シングルハンドセーラーに似合いの 小さいが宝石のように輝く性能の船を造るつもりです。
(池川ヨット工房で造る事が出来る船は32フィートまでですが、
そんな大きな船に1人で乗れる腕の人はそうそうは居ません 。 普通は27〜28フィートが最適)
やはり造船所よりもこぢんまりした 工房という名前がふさわしいように思います。

私の知っているヨット造船所は大抵 池川ヨット工房よりも大きいところなのです。

どこも歴史があり昔造船用材として不可欠だった根曲がり材のケヤキとか
大きなチーク材の固まりとかがそのあたりにごろごろ転がっている、
そんな造船所の風景を思い出します。

どこの造船所も頭領だけが把握している訳のわからないものがあちこちに雑然と置いてある、
どうしてそうなるのか解りませんが、
必要なときに必要なものを魔法のようにどこからか見つけだしてくるのが 頭領でした。

でも今ではそんな造船所も見る事が出来ません。
FRP船の広がりで 今ではヨットというとFRPと思っている若い世代も多くなってきました。

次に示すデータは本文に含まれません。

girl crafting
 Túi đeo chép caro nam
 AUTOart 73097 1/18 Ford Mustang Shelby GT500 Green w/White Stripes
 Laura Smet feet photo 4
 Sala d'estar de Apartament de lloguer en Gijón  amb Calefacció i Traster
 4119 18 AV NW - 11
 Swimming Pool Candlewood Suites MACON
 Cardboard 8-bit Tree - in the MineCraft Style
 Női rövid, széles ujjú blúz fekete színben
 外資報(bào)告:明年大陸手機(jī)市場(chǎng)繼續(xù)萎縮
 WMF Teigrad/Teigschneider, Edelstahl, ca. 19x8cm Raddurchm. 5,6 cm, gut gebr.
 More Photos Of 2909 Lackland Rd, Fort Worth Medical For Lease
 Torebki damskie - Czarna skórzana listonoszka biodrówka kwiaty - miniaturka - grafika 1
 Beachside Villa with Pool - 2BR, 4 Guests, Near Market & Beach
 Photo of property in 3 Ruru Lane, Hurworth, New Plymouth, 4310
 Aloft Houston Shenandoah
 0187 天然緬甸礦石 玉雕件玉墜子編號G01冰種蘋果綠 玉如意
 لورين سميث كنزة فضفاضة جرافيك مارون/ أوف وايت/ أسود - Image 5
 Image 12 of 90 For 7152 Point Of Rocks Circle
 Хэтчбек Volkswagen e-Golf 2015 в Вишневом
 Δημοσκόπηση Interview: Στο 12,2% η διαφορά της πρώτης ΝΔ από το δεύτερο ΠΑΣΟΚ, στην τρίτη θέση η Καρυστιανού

池川ヨット工房は木造もFRPも何でもござれなのですが、
他の私が知っている昔の造船所に比べて随分きれいに整頓されています。

1人でやっていると言う事もあるでしょうが、
いちいち片づけながら仕事をしないと それでなくてもこんがらがっている頭がますますこんがらがって、
何が何だか訳がわからなくなるおそれがあるので、
一生懸命片づけようと努力します。

色々な人が池川ヨット工房を訪ねてきます。
昔の造船所を知らない人ばかりなので、
何にもない私の工房をそんなに不思議とも思わないようです。

ストック材料は出来るだけ少なくしています。

木材はマホガニーの板材とチークの板材、
FRP材料は3液性のビニールエステル樹脂とエポキシ樹脂一缶ずつ、
あとはパテを造るためのマイクロバルーンやアエロジル、
それとウレタン塗料が各色一缶ずつ 、
それくらいが主な材料在庫です。

工具は もうこれ以上いらないと言うくらい揃えたつもりでも、
たいしたことはありません。
ヨットを造るための道具なんて家大工や鉄工所などと比べると圧倒的に少ないと思います。
家具や建具を造る木工所でも「池川ヨット工房」よりは良い道具を沢山もっているでしょう。

早さや正確さを追求する私はエアーツールなども沢山持っていますが、
所詮 使うのは人です。


造船所の善し悪しは造る作品で決まります。

頭領がどのくらい図面通りに正確に造る事が出来る腕を持っているか、
木と接着剤と塗りとステンレスの部品の知識があり 面倒でもきちんと正規の施工をしているか、
図面にない部分は海にマッチしている施工をしているか、
(乗り手としての作り手が造った船は 角の面取り一つにしても違います)
その他の部分はオーナーの望みに答えられるか、

私が何かの都合でよその造船所にヨットを発注するような事があると仮定したら、
まず日本中の造船所が造ったヨットを見比べてみるでしょうね。
見る目がなければ、
有る人にに同行してみてもらいます。

プロは値段ほどの仕事をします。
物には値段はないのですから値段が決まってから物が出来てくるオーダーメイドのヨットは、
当然値段ほどの物になるでしょう。

安いヨットを世に広めようと言う考えも成り立ちますが、

最終判断は海がしてくれるという部分があるヨットでは
これは絶対に譲れない 歴史に培われた部分というか 帆船2000年の歴史、
オーナーの都合や作り手 の浅知恵では変えていけない所があると思います。

残念ながら日本には木造船の造船所は数えるほどしかないのです。